İşin daha da iyisi, insanın içini daraltan karanlık ve kasvetli atmosferinin yanı sıra bir türlü dinmek bilmeyen yağmuru ile Scorsese'nin filmi Lehane'nin romanına sadık kalarak "neo - noir" tarzda kurgulamış olması...

Haydi gelin başlayalım...

Boston Harbor Adaları, 1954...

"Su" ile arası pek hoş olmayan adli polis Teddy Daniels (Leonardo DiCaprio) ve yeni ortağı Chuck Aule (Mark Ruffalo), tedavisi zor akıl hastalarına ev sahipliği yapan Ashecliffe Hastanesinin bulunduğu adaya doğru yol almaktadırlar...

Şu "su" olayını lütfen aklınızın bir köşesinde tutun...

Zira ileride bulmacanın çözümünde işinize fazlasıyla yarayacak...

Neyse devam edelim...

Kendilerini adada, üç farklı bloktan oluşan hastaneye götürmek üzere yardımcı gardiyan McPherson (John Carroll Lynch) ve gerginlikleri Teddy'nin gözlerinden kaçmayan ekibindeki silahlı gardiyanlar karşılar...

Girişte silahlarını teslim ettikten sonra Dr. John Cawley'in (Ben Kingsley) yanına götürülürler...

Yolda zincirlere vurularak bahçe işlerinde çalıştırılan hastaları da görürler...

Dr. Cawley'in yanına vardıklarında ikilinin, son yirmi dört saat içinde kimselere görünmeden tesisten kaçmış olan Rachel Solando (Emily Mortimer) için adaya geldiklerini öğreniriz...

Ki anlatılanlara göre bu Rachel, üç çocuğunu da evinin arkasındaki gölde teker teker boğarak öldürmüş olan bir cani olup son derece tehlikelidir...

Ancak aynı Rachel, çocuklarının öldüğü gerçeğini reddederek tesisteki odasını evi olarak kabul etmenin yanı sıra etrafındaki herkesi sütçü, postacı vs. gibi insanlar olarak addetmektedir...

Yani tam anlamıyla kafasında yarattığı bir hayal dünyasında yaşamaktadır...

Üstelik tüm aramalara karşın adanın hiçbir yerinde bulunamadığı gibi parmaklıklı penceresi ve kilitli kapısı olan odasından nasıl çıktığına da akıl sır ermemektedir...

Hep birlikte odasına gittiklerinde Teddy, yerdeki gizli bir bölmede Rachel'ın yazdığı çok "özel" bir not bulur...

Yetmez, yedi görevlinin poker oynadıkları yemekhanenin içinden geçerek kaçmış olduğunu da duyunca Dr. Cawley'e, bütün personel ile görüşmek istediklerini söyler...

Yemekten sonra hepsi bir araya toplanarak sorgulanır...

Anlaşıldığı kadarıyla zayıf halka, yapmaması gerektiği halde nöbet yerini terk ederek tuvalete gitmiş olan Glen Miga'dır (Joseph Sikora)...

Bir de Rachel'ın psikiyatristi olan Dr. Lester Sheehan'ın (sürpriz) adı gündeme gelir...
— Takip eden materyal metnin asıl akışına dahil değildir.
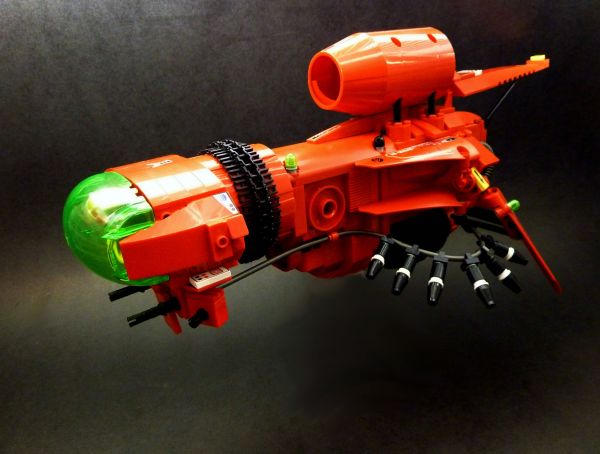 gun,vehicle,weapon,LEGO,orange,space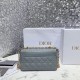 Fake Dior Caro Medium Bag Cannage Grey Replica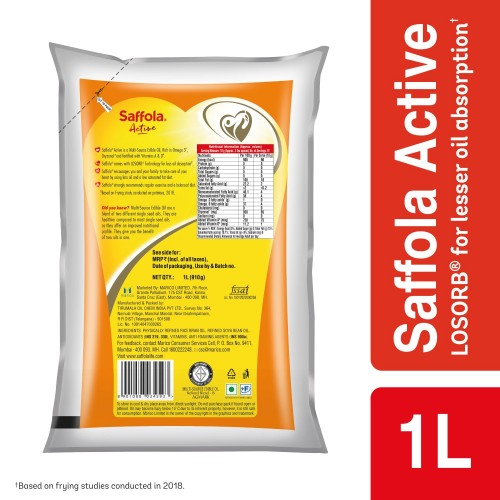 Saffola Active Oil (1 L): 910 g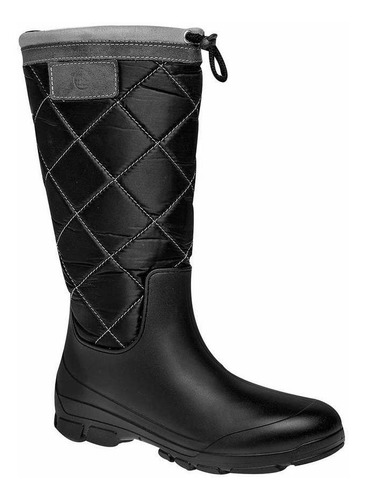 Bota De Lluvia De Elega Para Mujer Negro Mx1301 T6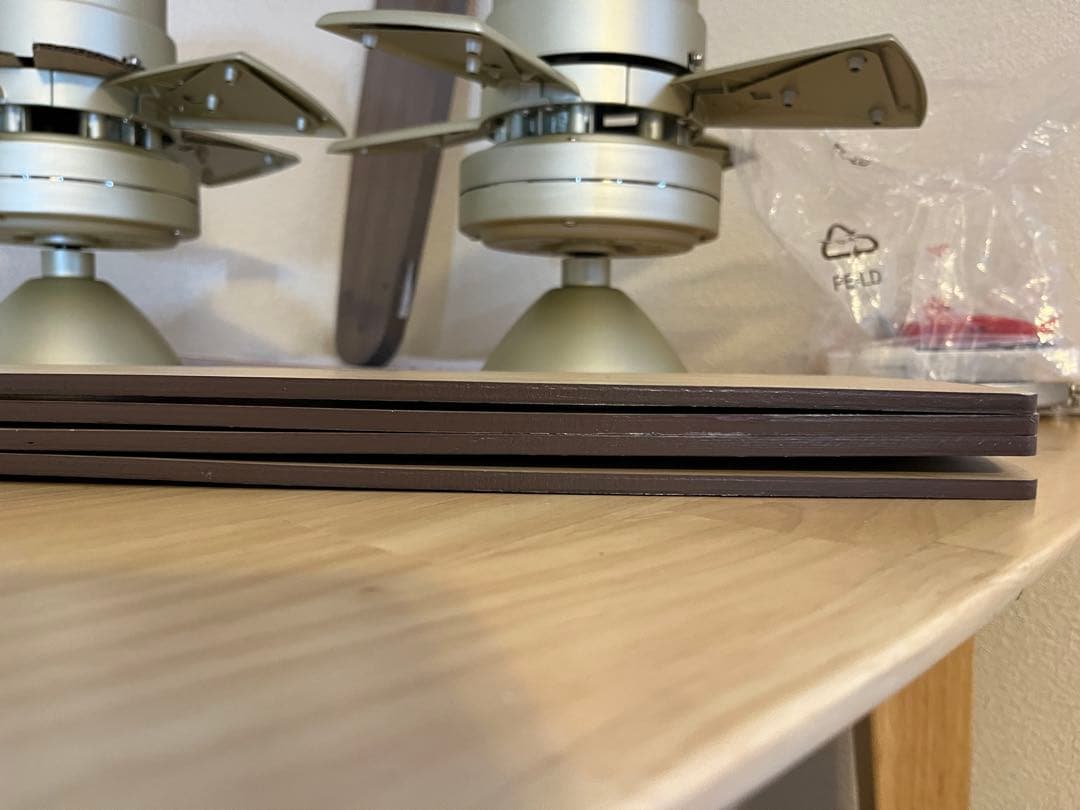 【新品&ほぼ新品】シーリングファン2個セット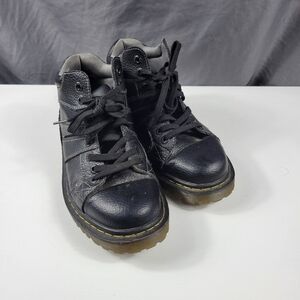 Dr. Martens Black Leather Combat Boots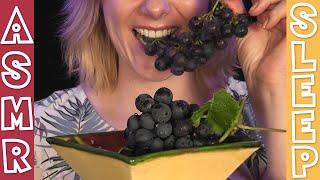 ASMR - The Best Eating Sounds - Blue Grapes  - ASMR Sleep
Ama o da sabah feribotla adadan ayrılarak izine ayrılmıştır...

Hava koşulları nedeniyle kendisine telefon ile de ulaşılamamaktadır...

Teddy ve Chuck akşam Dr. Cawley'in saray yavrusunu andıran evine gittiklerinde personelin dosyalarını görme isteklerini reddeden Dr. Jeremiah Naehring (Max von Sydow) ile de tanışırlar...

Bunun üzerine asabı çok bozulan Teddy, ertesi sabah adadan ayrılma kararı alır...

Fakat rüyasında gördüğü karısı Dolores (Michelle Williams) Teddy'i, "Rachel adadan hiç ayrılmadı ve işin içinde (kendisinin dumandan boğularak ölümüne yol açan) 'kundakçı' Andrew Laeddis'in de (Elias Koteas) bulunduğu" şeklindeki uyarısının ardından fikrini değiştirir...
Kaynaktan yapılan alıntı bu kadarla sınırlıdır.